口座への付番は、番号導入以来長く議論されてきたが、なかなか実現しない問題である。本稿では、議論の経緯を振り返りつつ、それを取り巻く利害関係者の議論を解説してみたい。
2 口座付番を巡るこれまでの議論
2016年1月から始まった番号制度だが、制度の骨子となる「社会保障・税番号大綱」は、民主党政権時代の2011年6月に政府・与党社会保障改革検討本部で決定された。
そこには番号制度導入の理念として、①より公平・公正な社会の実現、②社会保障がきめ細やかかつ的確に行われる社会の実現と明記されている。また番号制度でできることとして、①よりきめ細やかな社会保障給付の実現、②所得把握の精度の向上等の実現などが書かれている。
一方、番号の利用範囲については、国民のプライバシーなどへの懸念に配慮して、法律で税・社会保障に絞るとともに、戸籍事務、旅券事務、預貯金付番など5分野については、法律の施行後3年を目途として適用範囲の見直しを行うこととされた。いわゆる3年後見直しと呼ばれるものである。
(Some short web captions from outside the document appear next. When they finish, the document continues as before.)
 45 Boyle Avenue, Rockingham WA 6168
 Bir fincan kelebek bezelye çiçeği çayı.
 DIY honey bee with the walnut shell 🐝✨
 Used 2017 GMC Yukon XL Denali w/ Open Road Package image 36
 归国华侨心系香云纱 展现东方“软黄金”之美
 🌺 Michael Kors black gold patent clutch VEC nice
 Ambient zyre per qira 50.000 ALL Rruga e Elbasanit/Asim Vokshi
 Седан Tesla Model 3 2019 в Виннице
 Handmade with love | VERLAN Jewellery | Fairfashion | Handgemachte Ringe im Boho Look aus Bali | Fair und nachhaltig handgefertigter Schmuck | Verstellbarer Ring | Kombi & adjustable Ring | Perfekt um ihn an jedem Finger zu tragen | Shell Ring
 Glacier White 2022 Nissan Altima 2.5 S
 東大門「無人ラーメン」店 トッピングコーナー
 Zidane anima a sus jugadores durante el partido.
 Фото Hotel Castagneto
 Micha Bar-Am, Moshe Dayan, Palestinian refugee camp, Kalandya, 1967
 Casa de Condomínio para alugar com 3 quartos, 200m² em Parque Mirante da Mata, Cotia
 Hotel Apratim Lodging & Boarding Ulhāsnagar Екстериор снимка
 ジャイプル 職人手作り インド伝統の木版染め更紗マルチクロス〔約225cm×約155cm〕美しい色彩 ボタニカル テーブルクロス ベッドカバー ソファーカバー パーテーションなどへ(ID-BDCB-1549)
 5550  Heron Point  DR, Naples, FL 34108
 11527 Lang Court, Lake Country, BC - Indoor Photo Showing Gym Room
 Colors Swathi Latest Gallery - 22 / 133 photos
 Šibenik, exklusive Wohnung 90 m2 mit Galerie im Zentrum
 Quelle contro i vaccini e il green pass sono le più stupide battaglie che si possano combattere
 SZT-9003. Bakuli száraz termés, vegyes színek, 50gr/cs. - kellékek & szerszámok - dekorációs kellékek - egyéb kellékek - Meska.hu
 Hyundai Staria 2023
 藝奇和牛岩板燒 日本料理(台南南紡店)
口座付番について継続的に検討された結果、2018年1月から番号法を改正して、預貯金者への番号告知義務付けを行わない形で実施されることとなった。預貯金者が新規口座開設や住所変更などで窓口を訪れる際、金融機関が付番の是非について問うという対応になった。これが「任意」の口座付番と呼ばれるものだ。
その上で金融機関は、税務当局からの照会に対し、預貯金情報を番号で検索可能な状態で管理するよう義務付けされることとなった。預金者に義務付けをしないので、付番は遅々として進んでいないのが実態だ。
3 皆見合わせ
このような経緯のある口座付番だが、関係者の思惑を筆者なりに分析すると以下のようになる。
当事者の国民は、国(税務当局など)に自分の口座情報を知られたくないという根強い思いがある。なかでも個人事業者は、ストック情報からフローの所得が推測できるので、本音では付番には消極的だ。
しかし口座に付番したからといって、国が個人の口座内容を勝手に見ることができるわけではない。逆に、税務調査の必要上、税務当局が個人の口座内容を見ることは、付番の有無にかかわらず可能である。
もう一方の当事者である金融機関だが、8億とも10億ともいわれている口座に付番することは、莫大なコストと手間がかかる。とりわけ休眠口座を探し出し付番することは無理だろう。いずれにしても超金融緩和で収益の低迷している金融機関にとって、付番コストの負担は避けたいところだ。
金融機関を監督する金融庁も、経営弱体化している金融機関に付番を押し付けることはやりたくない。
付番を望むのは、税務当局だ。口座情報は、所得税調査だけでなく、相続税調査にも役に立つ。まさに適正・公平な課税のためだ。しかし自らが前面に立って口座付番を唱えれば、徴税国家との批判を招き逆効果になりかねない。また利子所得への課税は、源泉分離課税(名義を問わず利子の支払い時に20%を源泉徴収する制度)なので、税の取漏れはない。
このように口座付番の関係者に、口座付番に向けての熱意は見られない。
最後に、口座付番を推し進める役割を担う総務省や内閣官房、さらに政治は、国民の反発を買いたくないので、打って出る気はない。関係者皆がにらみ合っている。これが現状である。
4 口座付番のメリット
口座付番のメリットは何だろうか。
第1に、所得税、相続税の把握の精度を向上させることである。これは、番号制度の導入目的の一つである「適正・公平な課税」に必要なことであり、本来国にとって極めて重要なことである。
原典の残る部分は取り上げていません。